> **What to do**:
Check every line in the records below for the word "image" and report how many have it, nothing more.

Stored entries
+===+

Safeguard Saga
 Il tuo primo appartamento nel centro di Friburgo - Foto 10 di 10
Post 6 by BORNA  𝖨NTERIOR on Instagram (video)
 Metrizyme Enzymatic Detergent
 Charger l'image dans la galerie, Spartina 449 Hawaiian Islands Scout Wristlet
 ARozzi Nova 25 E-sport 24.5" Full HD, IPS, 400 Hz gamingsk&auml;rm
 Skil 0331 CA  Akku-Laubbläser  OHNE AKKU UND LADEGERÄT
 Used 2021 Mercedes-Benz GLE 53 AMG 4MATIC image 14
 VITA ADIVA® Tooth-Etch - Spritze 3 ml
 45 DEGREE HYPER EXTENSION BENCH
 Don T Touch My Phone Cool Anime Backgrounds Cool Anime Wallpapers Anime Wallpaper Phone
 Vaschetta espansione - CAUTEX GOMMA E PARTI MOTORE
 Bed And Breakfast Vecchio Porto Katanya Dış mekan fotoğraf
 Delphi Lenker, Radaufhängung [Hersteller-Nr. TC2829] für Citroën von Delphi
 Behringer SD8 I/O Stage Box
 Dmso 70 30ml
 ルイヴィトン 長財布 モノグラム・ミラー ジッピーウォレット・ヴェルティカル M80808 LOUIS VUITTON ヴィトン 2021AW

+===+

> **Exercise response**:
2